MITRE ha iniziato a scrivere per il cinema con Pablo Trapero, che nel nuovo cinema argentino ha rappresentato l’ala più politica. Si è arrivati forse con Argentina 1985 alla conclusione di quel lungo lavoro sulla memoria? «Non direi che questo film è un punto di arrivo, diciamo che è una maniera diversa, contemporanea di raccontare un fatto, che è quello che l’arte ha sempre cercato di fare, portare avanti quasi una lotta che può essere anche lotta politica. La mia arte è fare cinema, il mio film è così perché rispecchia il mio modo di fare cinema. Il nuovo cinema argentino rimetteva in relazione il cinema con la realtà. Trapero, Lucrecia Martel, Caetano hanno creato un nuovo modo di guardare. Quando ho cominciato a studiare cinema Trapero aveva già fatto il suo primo film, poi ho avuto la possibilità di lavorare con lui, quindi ho imparato qualcosa da lui, ma poi ho fatto i film alla mia maniera, a me interessa proprio la politica come tema, come universo, mi interessa fare film che parlino di questo universo rispettando la relazione che hanno con la realtà». Che racconto arrivava della dittatura a un ragazzo degli anni Ottanta come lui? «Vengo da una famiglia molto compromessa politicamente, si parlava sempre della dittatura, anche se fortunatamente non abbiamo avuto nessuna vittima. Mio padre lavorava nel campo giuridico e in casa parlava del valore della giustizia, mio bisnonno era avvocato e anche il mio trisavolo. Per il resto a scuola tutto si riduceva a pochi paragrafi in fondo al libro. Per fare questo film ho molto studiato, ho fatto un grandissimo lavoro di ricerca. Per la parte giuridica ci ha aiutato molto Ocampo in persona, su come fosse la procedura per trattare con i testimoni, quale la maniera precisa di parlare. Mi hanno anche aiutato molto persone che lavorano nel campo della difesa dei diritti umani»

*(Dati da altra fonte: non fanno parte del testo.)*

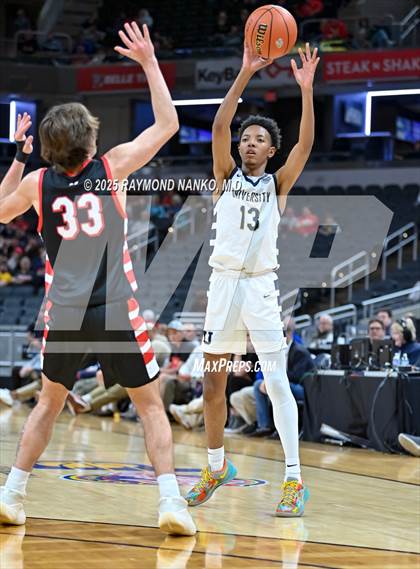 Thumbnail 1 in University vs. Manchester (IHSAA 2A State Championship) photogallery.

OGGI tutta l’Europa mostra uno spostamento a destra, mentre il continente latinoamericano sembrerebbe andare a sinistra: «Sono successe cose orribili anche nei paesi latinoamericani come l’attentato alla vice presidente della repubblica, avvenuto proprio mentre eravamo alla Mostra di Venezia. Pensavamo fosse finito per sempre, che si fosse realizzato quel «Nunca mas», mai più, che si dice alla fine del film, ma non è così. Da poco sono successi i fatti al palazzo del governo in Brasile, quindi anche in latinoamerica ci sono rigurgiti di destra, non solo in Europa, la destra sta guadagnando consenso. Però la giustizia continua a fare il suo corso, sono state emesse migliaia di condanne e si continuano a fare processi. È diventata una specialità dei giuristi argentini».